Home Time Out Acclaimed “Waiting for Godot” part of CAN’s  35th anniversary

WINDHOEK– THE internationally acclaimed stage play, Waiting for Godot, by Irish playwright, Samuel Beckett, will be staged as part of Committed Artists of Namibia (CAN)’s 35th  anniversary at the end of this month.

 

CAN, the longest surviving community theatre company established in 1979, has secured the exclusive Namibian performing rights from  the Dramatic Artistic Literature Rights Organization in South Africa (DALRO ) of the play. This knockout stage work had been successfully performed since 1955 in many other countries of the world. The play, depicting living on the open road by two hobos waiting for a miracle to happen, is directed and adapted for the stage by Namibian Award winning stage director and internationally acclaimed playwright, Frederick B. Philander, with fourteen stage works to his own credit.

 

True to its declared public policy, CAN continues to produce stage works of a universal nature in its efforts to help entertain and educate Namibian audiences on the impact of world stage plays. Every time the group brings new stage talents to the fore in productions.  This time the cast of Waiting for Godot consists of three newcomers, nine year old St. Pauls Grade 3 learner, Zabeth Philander, John Isaacs as Lucky the slave and Clerence Classen as Vladimir.

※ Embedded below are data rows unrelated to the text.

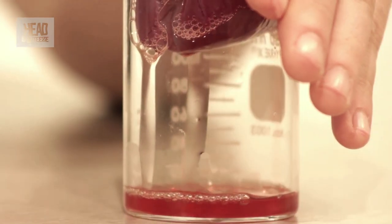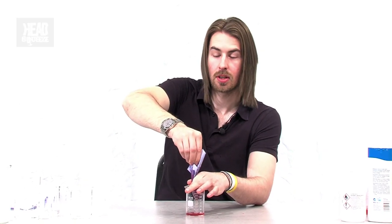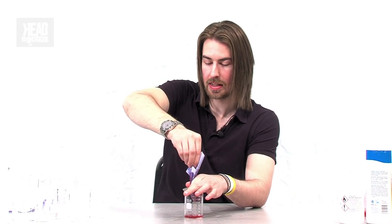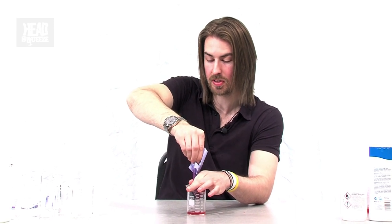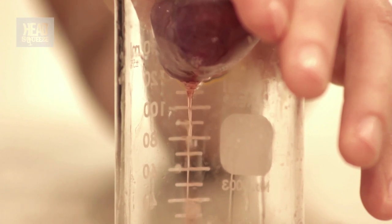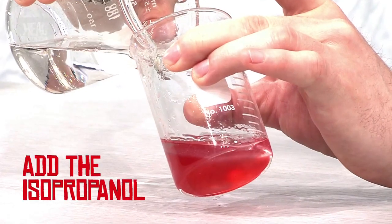The thing about DNA is it's soluble in this extraction solution, but not in alcohol. So what we need to do to get it out is add some rubbing alcohol into it as well. We should see it precipitate out and into the alcohol — it will sit on top of the solution, so the DNA should rise out.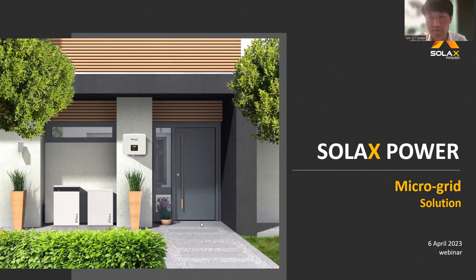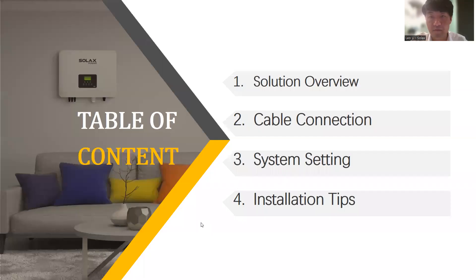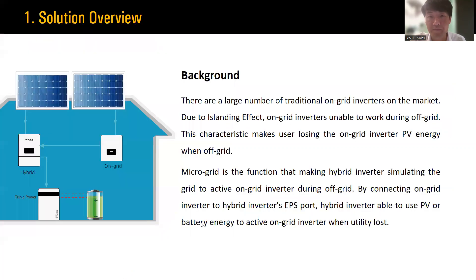Now let's start. Here are all the contents for today's webinar. Firstly, we will give an overview about this solution. Then introduce the main connection for this system. Thirdly, you will learn how to set this system. Lastly, there are some tips for the installation. So now let's go over all the parts one by one. Here is the first part: solution overview.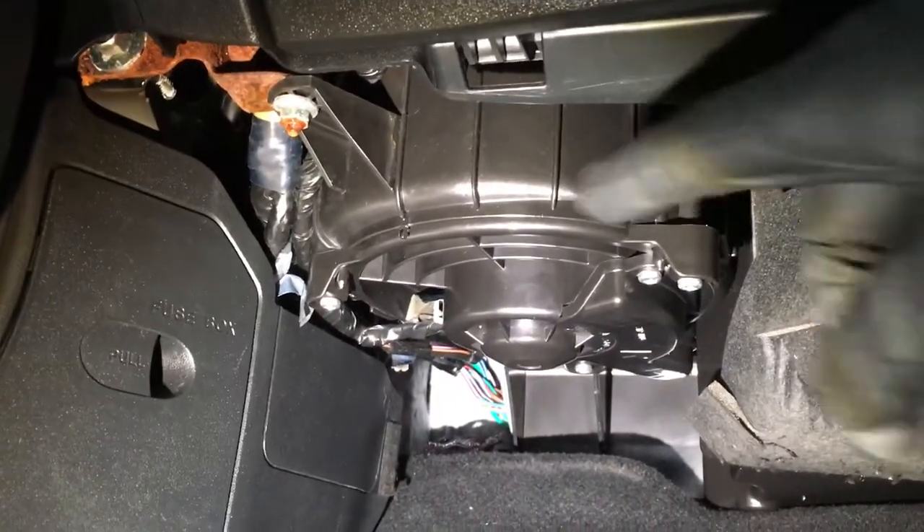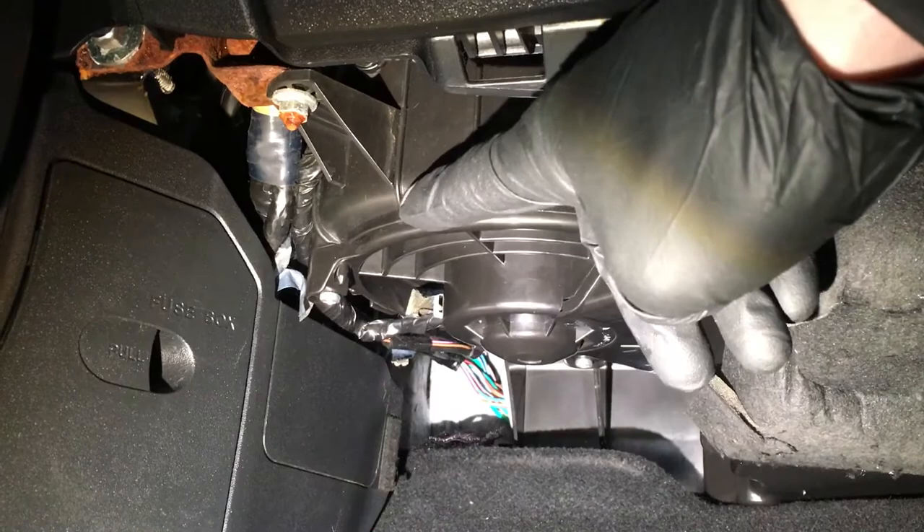There we go, it's starting to drip in now. We're also getting a drip coming through the airbox. Now we're going to move on to the driver's side.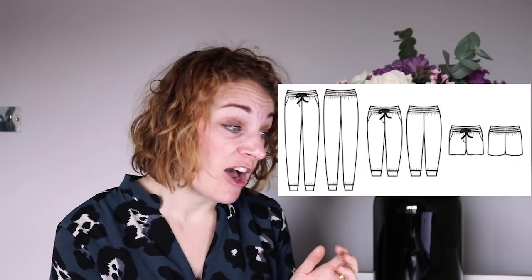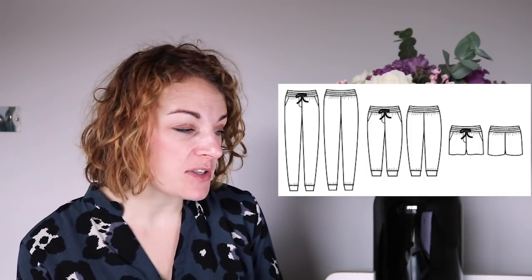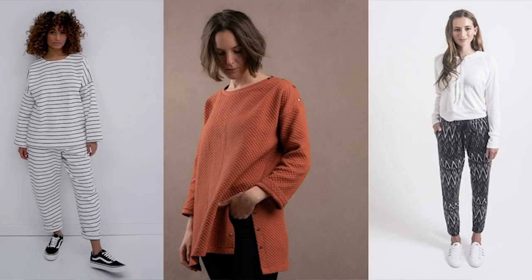The tracksuit bottoms were actually much more difficult than I thought — a lot of options have cuffing at the bottom. What I found was the Amina pant from Paper Cut Patterns, which I thought was quite a good option. I would probably size them up since the model is quite slim, but they're a really good base. They've got an elasticated waist, and they've got pockets — who doesn't want pockets? The line drawing does show cuffing, but you can see from the image there's a version without any cuffing, and they look really nice. Size them up and they'll be perfect and really comfy.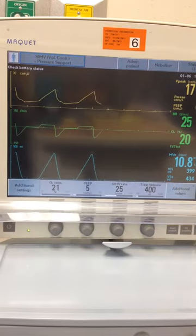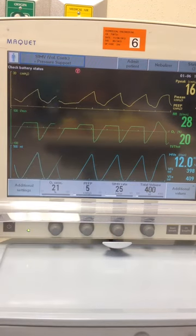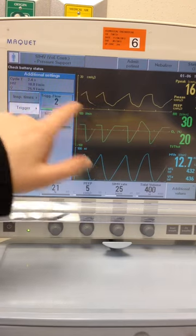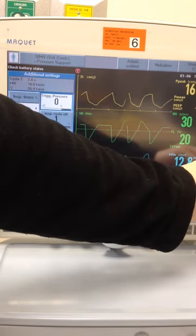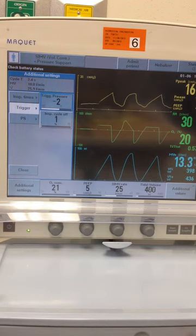Let's go ahead and accept our settings. We can see we are auto-triggering — there's that little T there — and our rate is set above 25. So let's adjust our trigger and take it to a pressure trigger. That looks to have corrected the problem.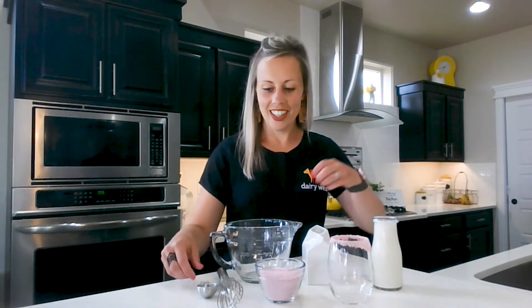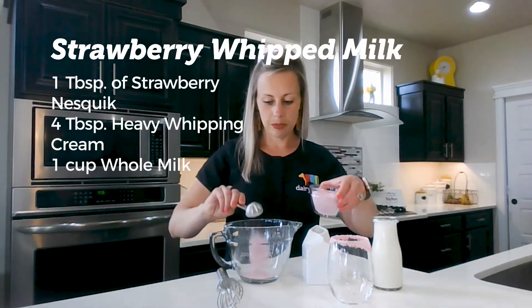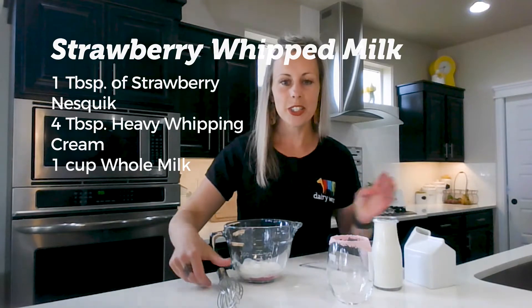I prefer whole milk, but that's the beautiful part of the dairy case — there's options for everyone. Let's get started. All you need is one tablespoon of strawberry Nesquik and four tablespoons of heavy whipping cream. And then you get to whisking.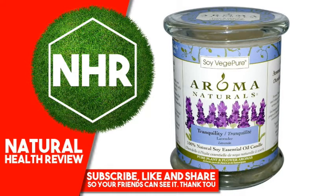Soy VegePure melts clean, cool and is longer burning. Pure and Natural: these artisan-style handcrafted candles are made of pure soy and vegetable waxes with only essential oils and pure plant aromas.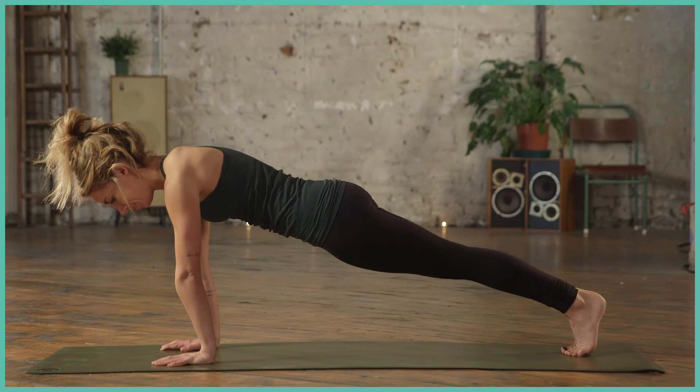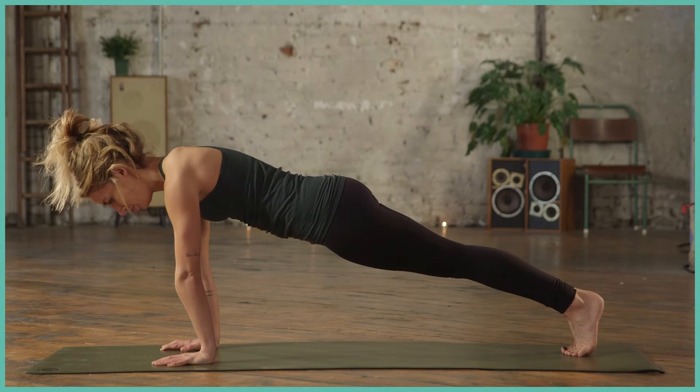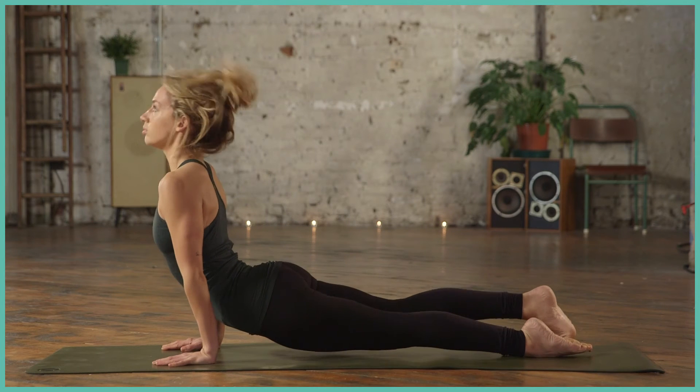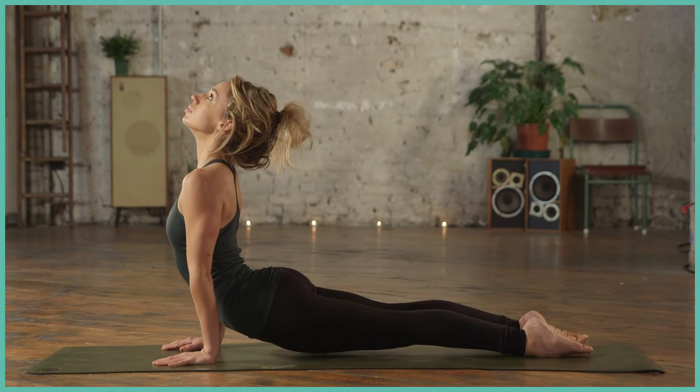Starting in your high plank position, draw focus into the navel and push back through the back heels. Gliding the elbows towards the ribs, come down halfway. Inhale up to upward facing dog. There's your Chaturanga transition.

The parts of Estragon and Pozzo are portrayed by senior CAN actors Felicity Celento and Frederick B. Philander respectively.

 

Currently the script of Waiting for Godot forms part of the University of Namibia (Unam)  fourth-year drama students play study curriculum. Philander has adapted the play into a shorter version of the normally lengthy work into a two-hour play that will be staged on Wednesday 29, Thursday 30 and Friday 31 October at the Ultimate Theatre in Eldorado Secondary School hall. The performances start nightly at 20h00 and tickets are sold by the actors and at the door at N$100 per person.

 

Performances of plays such as My Children. My Africa by Athol Fugard, Eviction by Adam Small and King of the Dump by Frederick B. Philander, which has won the New York Radio Festival radio drama competition in 1996 by the British Broadcasting Corporation (BBC), are some of CAN’S outstanding plays over the years.

 

CAN have been the first multiracial theatre group that broke the apartheid culture pillars at the then Southwest Africa Arts Council (SWAPAC) in Namibia in the early 1980’s prior to the dawn. The group then successfully performed Adam Small’s Afrikaans drama, Joanie Gallant-Hulle, as a form of protest theatre against the colonial regime.

Partial sponsors of Waiting for Godot include the FNB Foundation, Ricoh and Khomas Spare Parts.